_Assignment_: Please copy out the entries below exactly, beginning with the line that contains "Pterodactyl" and ending with the line that contains "Chalet & Apart", and include nothing outside that span.

──────── Given entries ────────

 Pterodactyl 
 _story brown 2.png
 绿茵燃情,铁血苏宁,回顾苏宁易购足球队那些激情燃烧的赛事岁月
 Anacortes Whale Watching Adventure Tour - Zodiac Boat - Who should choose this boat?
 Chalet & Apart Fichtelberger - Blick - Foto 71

────────
──────── Given entries ────────

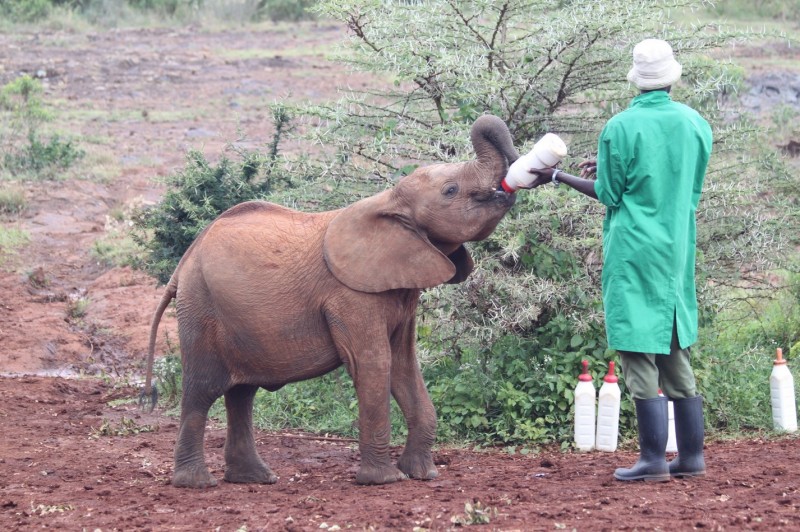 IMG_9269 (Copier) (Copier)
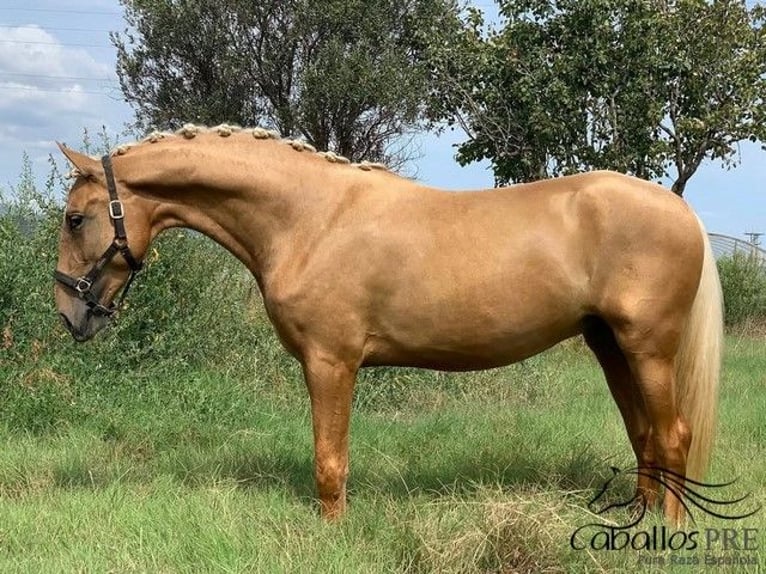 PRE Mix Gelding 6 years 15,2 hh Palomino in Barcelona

────────

_Task result_:
 Pterodactyl 
 _story brown 2.png
 绿茵燃情,铁血苏宁,回顾苏宁易购足球队那些激情燃烧的赛事岁月
 Anacortes Whale Watching Adventure Tour - Zodiac Boat - Who should choose this boat?
 Chalet & Apart Fichtelberger - Blick - Foto 71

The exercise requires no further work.